• **Instructions to follow**
Copy the data. Keep every character as given.

= Beginning of Section =

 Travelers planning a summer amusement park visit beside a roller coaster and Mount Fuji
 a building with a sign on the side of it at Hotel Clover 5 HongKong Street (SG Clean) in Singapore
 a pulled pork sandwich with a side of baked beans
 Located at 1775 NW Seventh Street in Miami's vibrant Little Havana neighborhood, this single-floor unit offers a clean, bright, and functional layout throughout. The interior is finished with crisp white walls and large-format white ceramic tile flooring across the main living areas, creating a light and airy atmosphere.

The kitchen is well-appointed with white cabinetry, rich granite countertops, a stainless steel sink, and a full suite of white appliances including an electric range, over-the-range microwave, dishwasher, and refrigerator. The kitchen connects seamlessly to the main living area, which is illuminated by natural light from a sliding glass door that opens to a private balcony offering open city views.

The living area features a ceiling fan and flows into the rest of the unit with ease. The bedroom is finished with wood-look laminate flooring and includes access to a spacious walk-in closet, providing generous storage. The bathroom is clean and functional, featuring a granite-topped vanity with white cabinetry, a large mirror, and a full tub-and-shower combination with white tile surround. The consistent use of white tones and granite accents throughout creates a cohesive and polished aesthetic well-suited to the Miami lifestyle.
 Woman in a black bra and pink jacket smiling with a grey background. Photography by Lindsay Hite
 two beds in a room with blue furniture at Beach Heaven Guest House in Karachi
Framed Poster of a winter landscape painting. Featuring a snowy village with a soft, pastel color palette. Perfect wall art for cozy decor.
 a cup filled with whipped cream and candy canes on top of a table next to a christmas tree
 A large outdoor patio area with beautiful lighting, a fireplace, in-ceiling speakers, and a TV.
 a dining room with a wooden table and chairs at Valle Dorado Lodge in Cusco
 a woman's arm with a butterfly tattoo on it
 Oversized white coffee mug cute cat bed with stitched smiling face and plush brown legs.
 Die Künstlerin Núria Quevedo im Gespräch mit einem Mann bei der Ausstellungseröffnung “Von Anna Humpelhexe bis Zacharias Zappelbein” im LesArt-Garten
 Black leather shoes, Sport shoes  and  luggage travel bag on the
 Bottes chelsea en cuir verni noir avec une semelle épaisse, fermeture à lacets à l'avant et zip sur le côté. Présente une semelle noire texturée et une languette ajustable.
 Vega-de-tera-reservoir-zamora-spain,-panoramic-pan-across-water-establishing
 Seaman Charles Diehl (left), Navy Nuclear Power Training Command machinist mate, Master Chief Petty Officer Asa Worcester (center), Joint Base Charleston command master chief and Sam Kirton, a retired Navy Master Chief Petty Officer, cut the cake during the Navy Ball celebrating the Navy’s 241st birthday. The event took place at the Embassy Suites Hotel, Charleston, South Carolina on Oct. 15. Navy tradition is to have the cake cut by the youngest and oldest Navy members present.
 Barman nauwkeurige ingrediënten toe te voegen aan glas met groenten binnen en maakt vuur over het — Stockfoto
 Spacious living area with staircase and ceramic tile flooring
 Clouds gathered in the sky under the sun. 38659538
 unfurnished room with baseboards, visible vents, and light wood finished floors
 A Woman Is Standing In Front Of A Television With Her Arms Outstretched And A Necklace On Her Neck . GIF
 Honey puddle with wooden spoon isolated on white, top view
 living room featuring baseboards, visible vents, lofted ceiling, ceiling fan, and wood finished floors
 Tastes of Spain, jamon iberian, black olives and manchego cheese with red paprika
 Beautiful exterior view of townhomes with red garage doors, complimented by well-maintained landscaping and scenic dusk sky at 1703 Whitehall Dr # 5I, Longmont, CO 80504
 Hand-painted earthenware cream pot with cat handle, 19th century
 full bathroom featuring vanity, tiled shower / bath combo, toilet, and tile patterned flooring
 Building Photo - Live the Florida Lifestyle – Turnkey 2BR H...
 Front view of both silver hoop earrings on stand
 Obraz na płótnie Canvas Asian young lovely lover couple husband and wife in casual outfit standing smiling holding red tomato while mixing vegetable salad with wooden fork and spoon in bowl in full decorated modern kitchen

= End of Section =

• **Solved problem**
 Travelers planning a summer amusement park visit beside a roller coaster and Mount Fuji
 a building with a sign on the side of it at Hotel Clover 5 HongKong Street (SG Clean) in Singapore
 a pulled pork sandwich with a side of baked beans
 Located at 1775 NW Seventh Street in Miami's vibrant Little Havana neighborhood, this single-floor unit offers a clean, bright, and functional layout throughout. The interior is finished with crisp white walls and large-format white ceramic tile flooring across the main living areas, creating a light and airy atmosphere.

The kitchen is well-appointed with white cabinetry, rich granite countertops, a stainless steel sink, and a full suite of white appliances including an electric range, over-the-range microwave, dishwasher, and refrigerator. The kitchen connects seamlessly to the main living area, which is illuminated by natural light from a sliding glass door that opens to a private balcony offering open city views.

The living area features a ceiling fan and flows into the rest of the unit with ease. The bedroom is finished with wood-look laminate flooring and includes access to a spacious walk-in closet, providing generous storage. The bathroom is clean and functional, featuring a granite-topped vanity with white cabinetry, a large mirror, and a full tub-and-shower combination with white tile surround. The consistent use of white tones and granite accents throughout creates a cohesive and polished aesthetic well-suited to the Miami lifestyle.
 Woman in a black bra and pink jacket smiling with a grey background. Photography by Lindsay Hite
 two beds in a room with blue furniture at Beach Heaven Guest House in Karachi
Framed Poster of a winter landscape painting. Featuring a snowy village with a soft, pastel color palette. Perfect wall art for cozy decor.
 a cup filled with whipped cream and candy canes on top of a table next to a christmas tree
 A large outdoor patio area with beautiful lighting, a fireplace, in-ceiling speakers, and a TV.
 a dining room with a wooden table and chairs at Valle Dorado Lodge in Cusco
 a woman's arm with a butterfly tattoo on it
 Oversized white coffee mug cute cat bed with stitched smiling face and plush brown legs.
 Die Künstlerin Núria Quevedo im Gespräch mit einem Mann bei der Ausstellungseröffnung “Von Anna Humpelhexe bis Zacharias Zappelbein” im LesArt-Garten
 Black leather shoes, Sport shoes  and  luggage travel bag on the
 Bottes chelsea en cuir verni noir avec une semelle épaisse, fermeture à lacets à l'avant et zip sur le côté. Présente une semelle noire texturée et une languette ajustable.
 Vega-de-tera-reservoir-zamora-spain,-panoramic-pan-across-water-establishing
 Seaman Charles Diehl (left), Navy Nuclear Power Training Command machinist mate, Master Chief Petty Officer Asa Worcester (center), Joint Base Charleston command master chief and Sam Kirton, a retired Navy Master Chief Petty Officer, cut the cake during the Navy Ball celebrating the Navy’s 241st birthday. The event took place at the Embassy Suites Hotel, Charleston, South Carolina on Oct. 15. Navy tradition is to have the cake cut by the youngest and oldest Navy members present.
 Barman nauwkeurige ingrediënten toe te voegen aan glas met groenten binnen en maakt vuur over het — Stockfoto
 Spacious living area with staircase and ceramic tile flooring
 Clouds gathered in the sky under the sun. 38659538
 unfurnished room with baseboards, visible vents, and light wood finished floors
 A Woman Is Standing In Front Of A Television With Her Arms Outstretched And A Necklace On Her Neck . GIF
 Honey puddle with wooden spoon isolated on white, top view
 living room featuring baseboards, visible vents, lofted ceiling, ceiling fan, and wood finished floors
 Tastes of Spain, jamon iberian, black olives and manchego cheese with red paprika
 Beautiful exterior view of townhomes with red garage doors, complimented by well-maintained landscaping and scenic dusk sky at 1703 Whitehall Dr # 5I, Longmont, CO 80504
 Hand-painted earthenware cream pot with cat handle, 19th century
 full bathroom featuring vanity, tiled shower / bath combo, toilet, and tile patterned flooring
 Building Photo - Live the Florida Lifestyle – Turnkey 2BR H...
 Front view of both silver hoop earrings on stand
 Obraz na płótnie Canvas Asian young lovely lover couple husband and wife in casual outfit standing smiling holding red tomato while mixing vegetable salad with wooden fork and spoon in bowl in full decorated modern kitchen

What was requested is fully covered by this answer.